Bisnis.com, JAKARTA -- Kekurangan pasokan timbal yang tidak terduga telah membantu harga logam yang digunakan sebagai bahan aki mobil tersebut untuk mengungguli kinerja logam lainnya seperti tembaga, aluminium, dan seng.
Secara keseluruhan, harga logam industri berada di bawah tekanan akibat sengketa perdagangan antara AS dan China, dua negara dengan ekonomi terbesar di dunia, yang telah membebani pertumbuhan ekonomi dunia, aktivitas industri, dan permintaan logam.
Namun, timbal berhasil melawan arus tren pelemahan tersebut dan menjadi salah satu logam yang bergerak di zona hijau bersama dengan nikel. Meski, pada penutupan perdagangan Jumat (18/10/2019), timbal di bursa LME memang ditutup melemah 0,37 persen menjadi US$2.181 per ton.

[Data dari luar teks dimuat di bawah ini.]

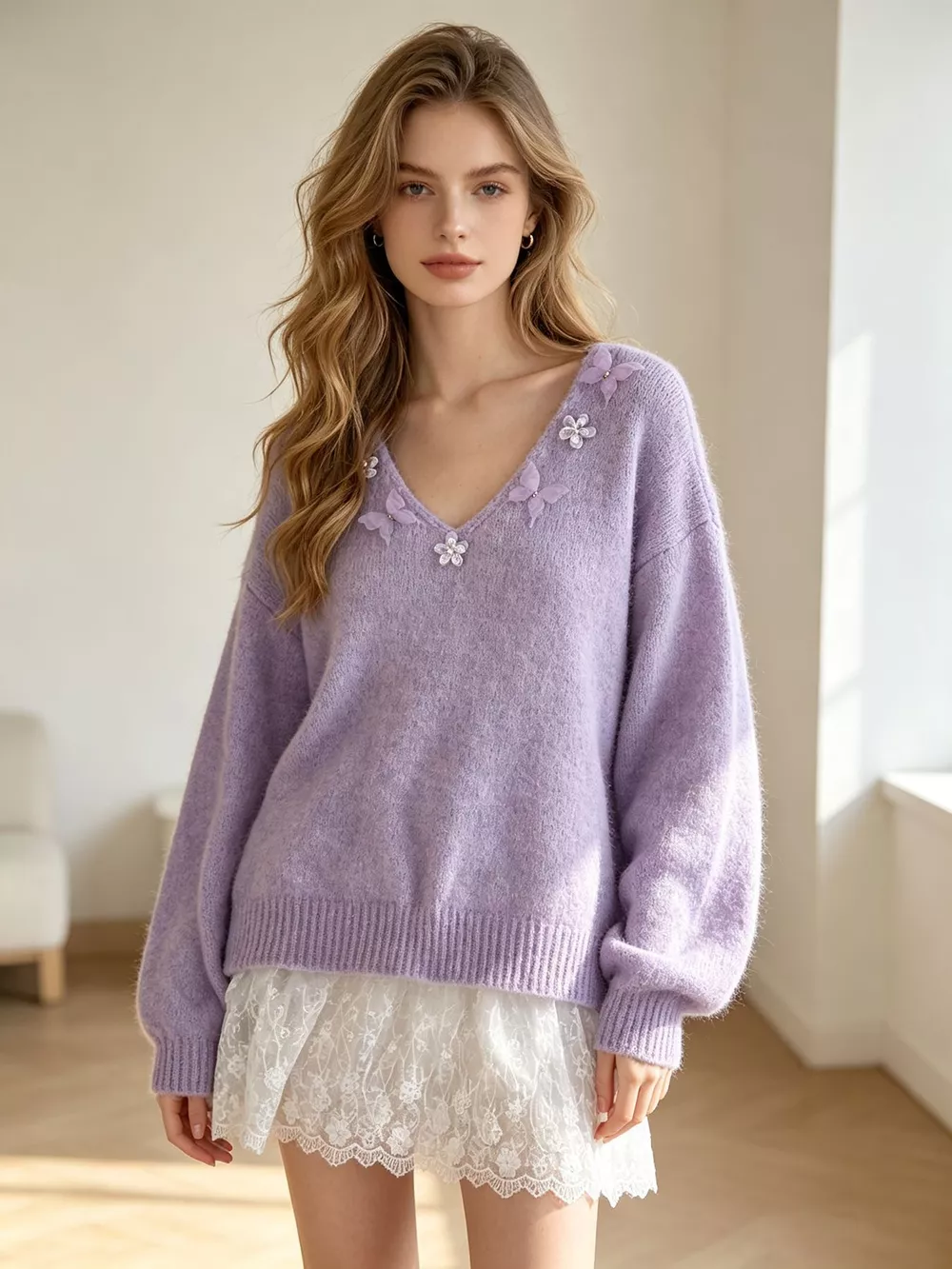 V-Neck Floral Applique Lace Hem Sweater, image 15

Berdasarkan data Bloomberg, sepanjang tahun berjalan 2019, harga timbal telah menguat 7,92 persen dan menjadi kinerja terkuat kedua di antara logam dasar lainnya. Timbal hanya berada di bawah nikel yang berhasil naik 51,82 persen.
Sementara itu, tembaga telah melemah 2,67 persen, aluminium melemah 5,85 persen, dan seng melemah 0,41 persen.
Analis Wood Mackenzie Faird Ahmed mengatakan timbal berhasil reli hingga mencapai level tertingginya dalam 15 bulan terakhir dan bergerak di atas US$2.200 per ton, didukung oleh smelter timbal Port Pirie Nyrstar di Australia yang menghentikan produksinya pada Mei 2019.
Dalam laporan produksi Nyrstar teranyar, produksi timbal pada paruh pertama tahun ini menurun 27 persen dibandingkan dengan periode yang sama tahun lalu, menjadi 51.000 ton.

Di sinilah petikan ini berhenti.